### TASK INSTRUCTIONS
Print the lines below exactly, beginning with the one that contains "2 mondat és" and stopping after the last line.

(Brief descriptive captions)

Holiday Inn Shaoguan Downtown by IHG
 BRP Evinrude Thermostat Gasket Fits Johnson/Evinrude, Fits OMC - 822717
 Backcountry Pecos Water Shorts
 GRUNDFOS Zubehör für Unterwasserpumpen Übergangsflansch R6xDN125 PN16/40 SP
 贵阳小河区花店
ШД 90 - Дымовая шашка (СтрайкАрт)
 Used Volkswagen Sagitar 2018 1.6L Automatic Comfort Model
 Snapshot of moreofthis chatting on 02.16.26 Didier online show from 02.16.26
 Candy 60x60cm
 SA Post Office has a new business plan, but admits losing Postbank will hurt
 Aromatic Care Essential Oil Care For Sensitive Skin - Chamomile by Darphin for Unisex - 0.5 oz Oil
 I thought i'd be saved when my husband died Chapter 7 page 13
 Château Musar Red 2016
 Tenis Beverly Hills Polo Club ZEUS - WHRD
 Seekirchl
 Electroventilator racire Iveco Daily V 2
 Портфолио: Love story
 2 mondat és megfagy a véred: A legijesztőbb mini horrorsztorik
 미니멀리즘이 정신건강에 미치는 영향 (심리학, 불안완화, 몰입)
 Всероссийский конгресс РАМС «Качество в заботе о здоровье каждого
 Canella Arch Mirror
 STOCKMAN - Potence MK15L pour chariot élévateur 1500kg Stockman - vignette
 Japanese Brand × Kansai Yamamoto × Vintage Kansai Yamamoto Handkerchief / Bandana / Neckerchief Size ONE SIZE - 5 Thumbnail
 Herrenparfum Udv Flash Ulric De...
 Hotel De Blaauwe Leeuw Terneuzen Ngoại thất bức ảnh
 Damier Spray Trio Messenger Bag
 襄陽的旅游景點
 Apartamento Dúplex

### WRITTEN SOLUTION
 2 mondat és megfagy a véred: A legijesztőbb mini horrorsztorik
 미니멀리즘이 정신건강에 미치는 영향 (심리학, 불안완화, 몰입)
 Всероссийский конгресс РАМС «Качество в заботе о здоровье каждого
 Canella Arch Mirror
 STOCKMAN - Potence MK15L pour chariot élévateur 1500kg Stockman - vignette
 Japanese Brand × Kansai Yamamoto × Vintage Kansai Yamamoto Handkerchief / Bandana / Neckerchief Size ONE SIZE - 5 Thumbnail
 Herrenparfum Udv Flash Ulric De...
 Hotel De Blaauwe Leeuw Terneuzen Ngoại thất bức ảnh
 Damier Spray Trio Messenger Bag
 襄陽的旅游景點
 Apartamento Dúplex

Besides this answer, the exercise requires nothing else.